Sunday, March 22, 2020

How does COVID-19 affect the economy?

The economic impact of COVID-19 is still an evolving topic. One thing for sure is that it will be a combination of supply and demand shocks and followed by a financial shock. A complex vortex of these three shocks will complicate policy response. Unconventional monetary as well as fiscal policies are required for quite some time. The most effective fiscal response for the immediate-term are those geared to boost consumer demand such as direct cash transfers to those losing jobs or facing reduced working hours. Similarly, any facility to improve cash flow or to cushion against rising debt of MSMEs is going to be a huge relief to businesses. This could be done through interest and principal moratorium, cheaper and easier line of credit, rapid on-lending facilities, government buy back of production for the interim period, tax incentives, etc. It will essentially be a combination of fiscal and monetary policies. 

Here some articles related to the underlying emerging economic dynamics and how to resolve it. 

1. Baldwin presents widespread disruption depicted through a circular flow of income diagram.

2. Fornaro and Wolf present a simple framework that shows how a demand-driven slump gives rise to a supply-demand doom loop, opening doors to stagnation traps induced by pessimistic animal spirits. The COVID-19 pandemic induces expectation-driven stagnation traps.

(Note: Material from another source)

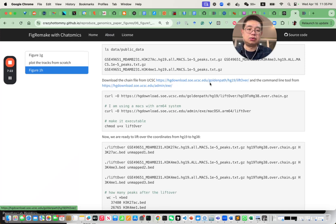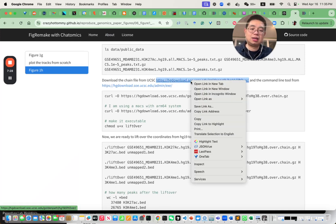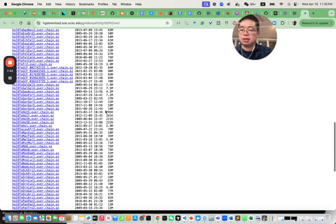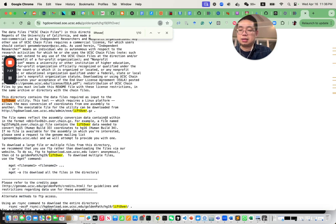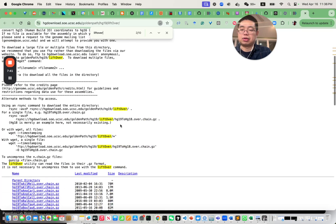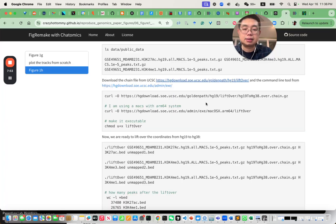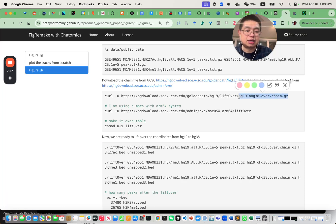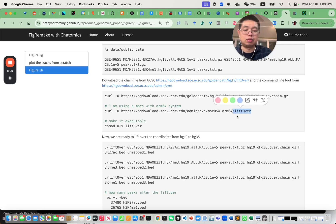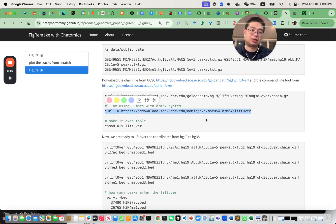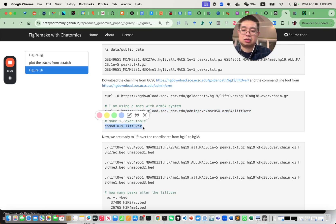To do that, we use a tool called LiftOver from UCSC. You also need to download the chain file, which maps regions between the two genome versions — HG19 and HG38. This is the chain file HG19 to HG38 that you need to download. You can then download the LiftOver binary executable and make it executable using chmod u+x liftover.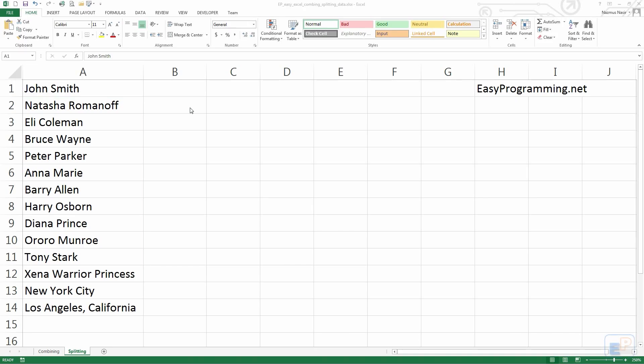Hello everyone, welcome to the eleventh tutorial of EasyXL, part of EasyProgramming.net. Today's tutorial adds on to the last tutorial where I showed you how to combine data in cells. Today's topic is the opposite — we're going to be splitting the data. It's another easy but also fairly complex feature in Excel, and it's just as useful, if not more useful, than combining data because there are a lot more applications with splitting data.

It follows a standard New Keynesian model where aggregate demand determines output and employment. So, aggregate demand depends positively on productivity growth as faster productivity growth boosts agent's expectation of future growth and induce them to spend more now. If the COVID-19 pandemic reduces productivity growth, then aggregate demand falls, resulting in involuntary unemployment and a demand-driven recession. However, since investment depends on aggregate demand (which remains suppressed in the face of slower productivity growth), firms will have less incentives to invest. This creates demand supply doom loop. Furthermore, if there is zero lower bound constraint on monetary policy, then an economy faces a kinked aggregate demand curve. A reduction in productivity growth (GG curve shifts downward) means lower productivity growth (g) and employment (l). Eventually, pessimistic animal spirits push the economy into a stagnation trap (lower equilibrium). Against this backdrop, conventional monetary policy is ineffective. Fiscal policy that is geared to boost aggregate demand (which incentives investment and leads to higher productivity) is helpful.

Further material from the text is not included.